Breaking the Salt Habit

January 14, 2016

According to a 2015 report by Centers for Disease Control and Prevention (CDC), salt still remains one of the major health hazards of American diets. Despite an increase of awareness of the dangers of high salt usage, little has changed over the last ten years. More than 90 percent of children and 89 percent of adults consume more sodium than is recommended, almost twice as much. An excess of salt can lead to high blood pressure which raises the risk of cardiovascular diseases, including heart attack and stroke. Heart disease and stroke kill more Americans every year than any other cause. In fact, cardiovascular diseases claim more than 800,000 lives each year in the United States. In addition to high blood pressure, salt consumption causes fluid retention by absorbing water and other fluids in the body , placing additional stress on the liver and aggravating kidney problems. It also increases water retention and can cause swelling, or edema. Finally, many arthritis specialists believe that there are trigger foods -- including salt -- which reduce potassium levels and further exacerbate the condition. This is not a new concern, in 2013 the Center for Science in the Public Interest released a report that advised that a fifty percent reduction in dietary salt could save 150,000 lives a year from strokes, heart attacks and other illnesses. In 2012, CDC found that excess sodium consumption is a problem across all groups - regardless of gender, race or health status. Although sodium consumption exceeds recommended limits in all age groups, it peaks between the ages of 19-50 - along with calorie consumption. They also found that among people at higher risk of heart disease or stroke, more than 3 out of 4 consume more than the recommended limit of per day! That recommended limit of salt for people aged 14 years and older is 2,300 mg of sodium per day -- 1 tsp of salt. Less is recommended for children 14 years of age and younger. Unfortunately, salt is so over-used in our standard food sources that many of us cannot imagine eating without it. Here are a few tips to get you started!
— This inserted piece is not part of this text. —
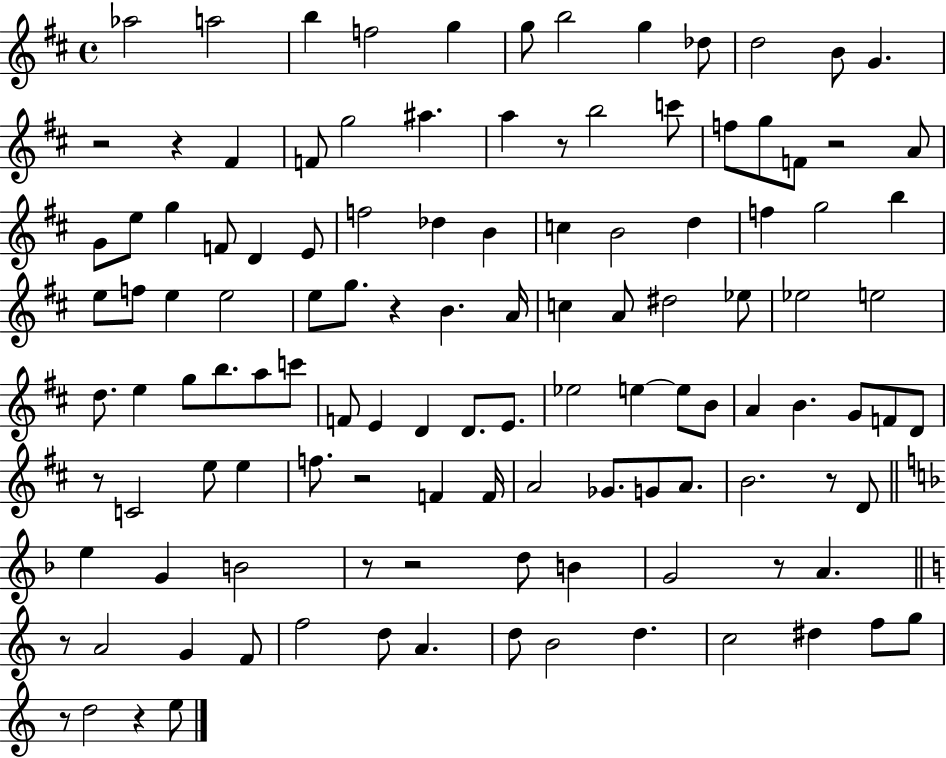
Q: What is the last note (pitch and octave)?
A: E5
  • Cooking from scratch will allow you to avoid much of the salt in your diet.  You can reduce the amount used and slowly cut more salt out as you became accustomed to a less prominent salt taste.
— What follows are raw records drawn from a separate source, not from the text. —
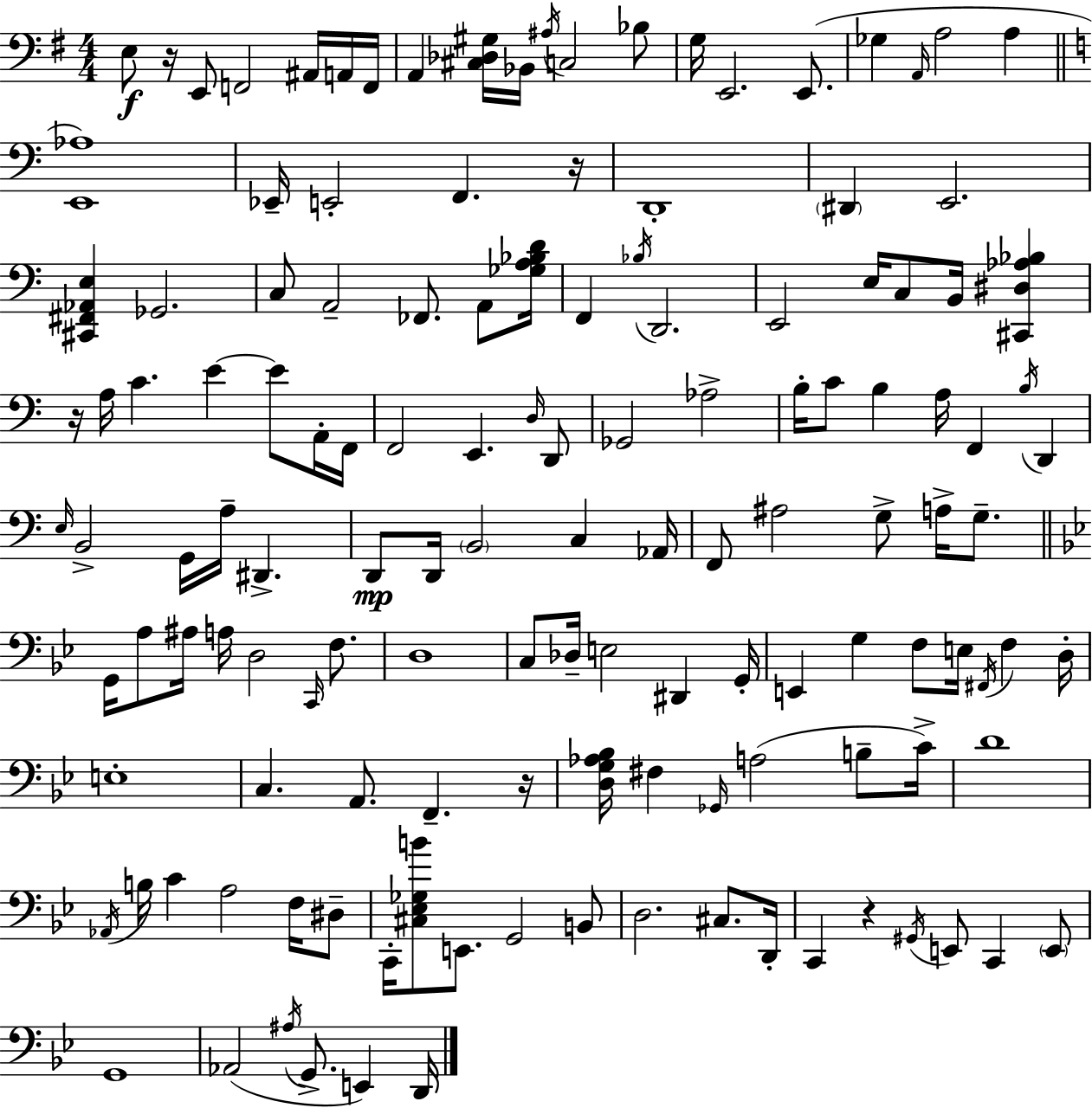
X:1
T:Untitled
M:4/4
L:1/4
K:Em
E,/2 z/4 E,,/2 F,,2 ^A,,/4 A,,/4 F,,/4 A,, [^C,_D,^G,]/4 _B,,/4 ^A,/4 C,2 _B,/2 G,/4 E,,2 E,,/2 _G, A,,/4 A,2 A, [E,,_A,]4 _E,,/4 E,,2 F,, z/4 D,,4 ^D,, E,,2 [^C,,^F,,_A,,E,] _G,,2 C,/2 A,,2 _F,,/2 A,,/2 [_G,A,_B,D]/4 F,, _B,/4 D,,2 E,,2 E,/4 C,/2 B,,/4 [^C,,^D,_A,_B,] z/4 A,/4 C E E/2 A,,/4 F,,/4 F,,2 E,, D,/4 D,,/2 _G,,2 _A,2 B,/4 C/2 B, A,/4 F,, B,/4 D,, E,/4 B,,2 G,,/4 A,/4 ^D,, D,,/2 D,,/4 B,,2 C, _A,,/4 F,,/2 ^A,2 G,/2 A,/4 G,/2 G,,/4 A,/2 ^A,/4 A,/4 D,2 C,,/4 F,/2 D,4 C,/2 _D,/4 E,2 ^D,, G,,/4 E,, G, F,/2 E,/4 ^F,,/4 F, D,/4 E,4 C, A,,/2 F,, z/4 [D,G,_A,_B,]/4 ^F, _G,,/4 A,2 B,/2 C/4 D4 _A,,/4 B,/4 C A,2 F,/4 ^D,/2 C,,/4 [^C,_E,_G,B]/2 E,,/2 G,,2 B,,/2 D,2 ^C,/2 D,,/4 C,, z ^G,,/4 E,,/2 C,, E,,/2 G,,4 _A,,2 ^A,/4 G,,/2 E,, D,,/4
  • If you buy processed foods, check for items low in sodium. Buy products that are “sodium free” or  have less than 100 mg per serving.
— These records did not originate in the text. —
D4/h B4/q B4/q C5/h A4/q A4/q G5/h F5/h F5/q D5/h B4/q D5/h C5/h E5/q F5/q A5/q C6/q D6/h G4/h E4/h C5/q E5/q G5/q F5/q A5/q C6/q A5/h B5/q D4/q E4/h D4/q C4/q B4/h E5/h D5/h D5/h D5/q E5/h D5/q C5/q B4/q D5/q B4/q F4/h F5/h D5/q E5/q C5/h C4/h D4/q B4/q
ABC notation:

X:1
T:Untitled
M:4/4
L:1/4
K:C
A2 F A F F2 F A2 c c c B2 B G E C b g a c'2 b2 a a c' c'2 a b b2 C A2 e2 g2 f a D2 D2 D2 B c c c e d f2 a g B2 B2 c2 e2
  • Restaurant meals can contain 3,000 mg of sodium or more, look for low-sodium items on the menu. Ask if your meal can be prepared without salt.
  • Put away the salt shaker!
  • Many herbs are excellent replacements for salt when cooking.  Try using pepper, basil, thyme, or garlic in your favorite recipes
  • Choose snacks low in sodium like fruits and vegetables. Avoid salty snacks such as pretzels and potato chips.
Reducing your salt intake is difficult, but you'll be happy you did. You'll embark on a delicious adventure into new cuisine while improving your health!